La première étincelle vient du fait qu’il y a un type à Moscou qui a dit un jour, un petit peu dans l’indifférence générale : « Je peux changer le monde ». Trois mois après, il y a deux présidents et pas des moindres -puisqu’il s’agit de Mitterrand et de Reagan- qui vont se rencontrer à cause de lui. Voilà ce qui m’a tout de suite séduit.

 

On imagine que vous avez dû découvrir pas mal de choses sur cet étrange personnage en faisant vos recherches…

 

Je sortais de Joyeux Noël, j’étais formaté et je voulais absolument raconter la vérité. Puis je me suis très vite rendu compte qu’il n’y avait pas de vérité.
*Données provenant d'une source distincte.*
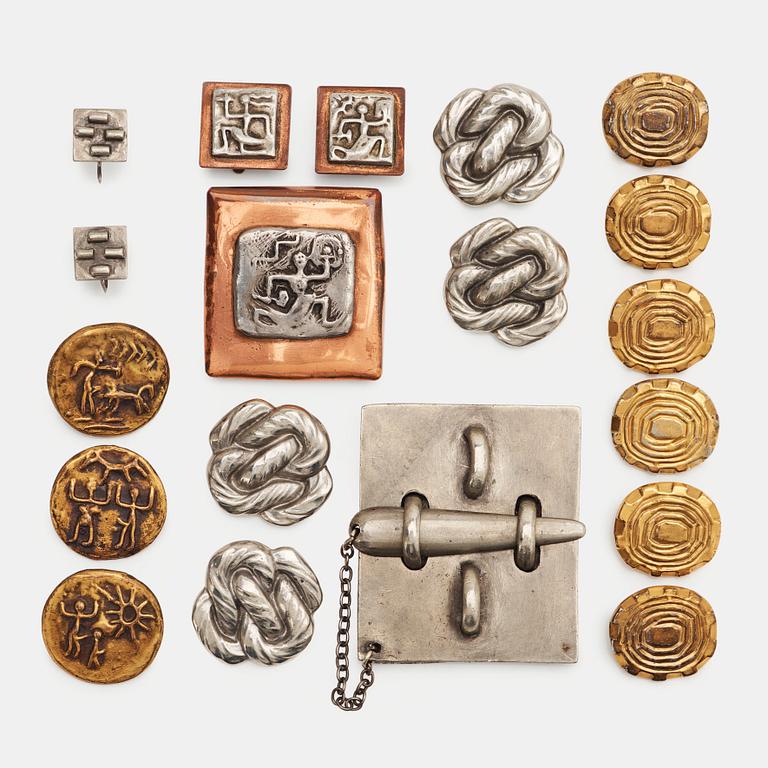 Svenskt Tenn and others manufacturers, a set of 13 buttons, 2 pairs of earrings and a brooch, 1940-50's.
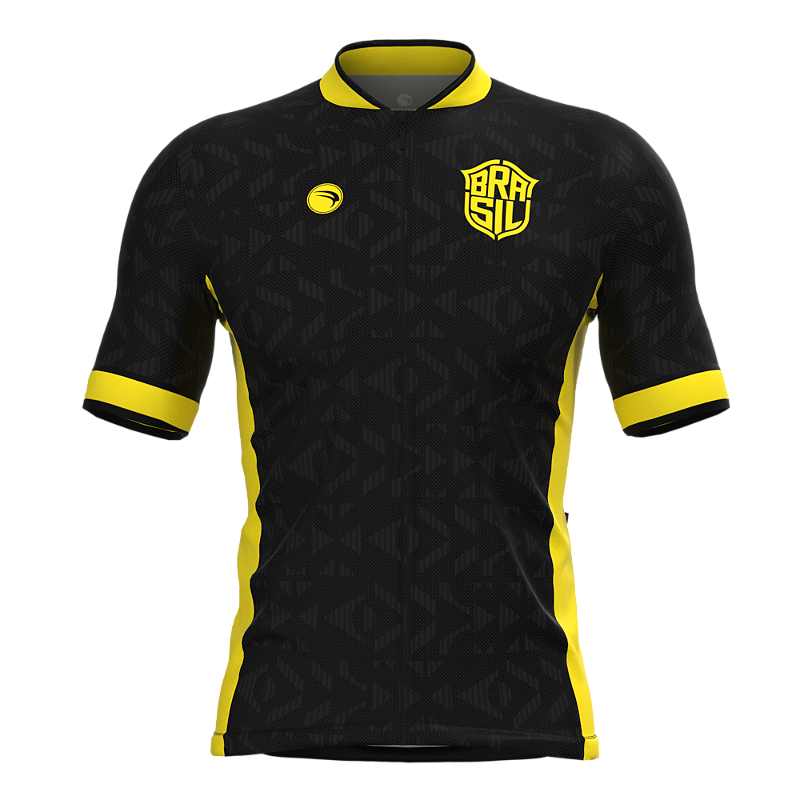 CAMISA CICLISMO MASCULINA SÓDBIKE 2026, ZIPER FULL, BRASIL PRETA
Pour les Russes, c’était un abruti, un alcoolique, un type pas sérieux et vénal. Pour les Français, il représentait tout à fait autre chose, et encore autre chose pour les Américains. Il y a même des éléments contradictoires entre ce que pouvaient dire sa femme et son fils à son sujet. À partir de là, je me dis que je ne connaîtrai jamais la vérité et que ce personnage était suffisamment complexe et malin pour donner des impressions et des sentiments différents selon ses interlocuteurs.

 

Dans ces conditions, comment l’avez-vous abordé d’un point de vue scénaristique ?

 

Je me suis fait ma propre idée. Je pense que, comme tous ces gens-là à l’époque, il était idéaliste. Il y a cru au communisme et il a été d’autant plus déçu par le résultat qu’il y croyait fort. Il était dans la désillusion totale. Dans un second temps, il pense que ses patrons étaient archi‑nuls. Il leur était bien supérieur. Mais chez lui, il était méprisé par son fils. En fait, le personnage, c’est toutes ces données réunies en une seule et même personne.

 

Pourquoi avez-vous choisi de démultiplier les travellings dans votre mise en scène ?

 

C’est un peu mon tempérament. Je trouvais cela bien parce qu’il y avait une espèce de fluidité là-dedans. En fait, j’ai demandé à l’équipe de revoir un film américain pendant la préparation, qui était ma référence en termes de mise en scène : Les hommes du président d’Alan J. Pakula.

 

Pourquoi ce film-là ?

 

Ce film est fascinant. Il est sorti en 1976, soit trois ans à peine après la destitution de Nixon. Ça, c’est la force du cinéma américain. Deux journalistes du Washington Post font tomber le président des États-Unis et les Américains sont capables d’en faire un film presque immédiatement. Nous, en France, il faut non seulement attendre que les gens soient morts, mais que leurs avocats aussi soient morts. Ça prend des années…. Et puis cinématographiquement, il est extraordinaire. Tout est fascinant, alors qu’il ne se passe quasiment rien à l’écran. C’est aussi un cinéma militant qui me plaît.

 

Pourquoi le cinéaste Kusturica comme comédien, au demeurant excellent dans le rôle ?

 

Au début, je voulais que ce soit un acteur russe, car je souhaitais que tout le monde parle cette langue. J’avais d’ailleurs trouvé un comédien magnifique. Il est venu à Paris et on a fait des répétitions. Tout se passait bien. Mais à six semaines du tournage, il a reçu un appel d’un homme influent de l’Ambassade de Russie à Paris. Il lui a dit à peu près ceci : « Sergei, vous êtes un acteur magnifique, le peuple russe vous adore, et il a raison parce que le peuple russe a bon goût. Mais le peuple russe, justement, il ne comprendra jamais pourquoi vous avez accepté de défendre et d’interpréter un salaud, un traître, une ordure… Réfléchissez ! ». Il a vite réfléchi, il a eu la trouille et nous a laissés tomber. D’un seul coup, on a compris qu’aucun acteur russe ne viendrait sur le film, et que les autorisations de tournage à Moscou, on pouvait les oublier. Finalement, les plans de la Place Rouge, on les a volés, et quarante‑huit heures après avoir eu l’idée de Kusturica, il était de la fête. Finalement, on s’en est très bien sortis.